John Frame takes a fully biblical view of the results of the fall on man’s thinking (Eph 4:17). He knows that man owes allegiance to his creator in more than just our choices and even our loves; he teaches that we are morally responsible to know obediently (2 Thess 2:10–12).
Frame is far from claiming that all Christians all the time know obediently and truly. We, too, are affected by the fall. But by submitting as Frame urges to God’s picture of mankind in Scripture, we can know truth, and know that we know it.
2. Reason and emotion can’t be separated.
One of the West’s prevailing myths is that people ought to be ruled by reason, that emotion is unruly and untrustworthy. It’s as if emotion is fallen and reason is not. Not all Westerners think this way: the Romantics reacted (and I know this is a big generalization) by privileging emotion over reason, and their heirs are surely present in the West, too.

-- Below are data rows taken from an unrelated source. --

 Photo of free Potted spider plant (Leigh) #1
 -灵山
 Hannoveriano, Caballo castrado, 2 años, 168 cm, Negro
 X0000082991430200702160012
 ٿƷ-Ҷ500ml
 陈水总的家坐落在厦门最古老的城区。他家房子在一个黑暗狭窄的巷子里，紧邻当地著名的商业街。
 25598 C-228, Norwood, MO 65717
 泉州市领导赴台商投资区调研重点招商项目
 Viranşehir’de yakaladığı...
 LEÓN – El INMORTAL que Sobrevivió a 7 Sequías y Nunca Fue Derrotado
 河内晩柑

But Western rationalists and romantics share the assumption that individual people can be usefully divided into separate, competing “faculties,” usually mind, will, and emotion.
Frame shows that the Bible does not do this. God does not command my reason to command my emotion, or vice versa. He doesn’t command my will, either. He commands me.
3. It’s helpful to see the world from three perspectives.
Frame teaches that moral decisions involve three things: 1) a person 2) applying a norm 3) to a situation.
I have found this simple “triperspectival” schema to clarify moral questions over and over again. I have also watched other Christians stumble confusedly through moral discussions that could have been illuminated by what I think are ultimately biblical categories.
The problem with non-Christian ethical systems is generally that one of these three perspectives gets absolutized, the others minimized or even lost. “Non-Christian ethics tends to absolutize” one of the three perspectives, eliminating the others (74). Only the God of Scripture can bring them together.
Conclusion
The great thing about books is that it’s a sign of intellectual health for you to swoon over one book for a while and then start courting another (as long as the two are more or less consistent with each other: don’t fall for The Institutes of the Christian Religion one month and Mein Kampf the next). The Doctrine of the Knowledge of God has been holding steady as my favorite for a good while. But before that (to name a random few) it was The Pleasures of God and before that Perelandra and then Matilda and then, uh, Good Night, Moon?
I’m not going to come on this blog and tell you that every last book in the Logos catalog is going to change your life, or Christianize your thinking. But many of them could. Maybe The Doctrine of the Knowledge of God.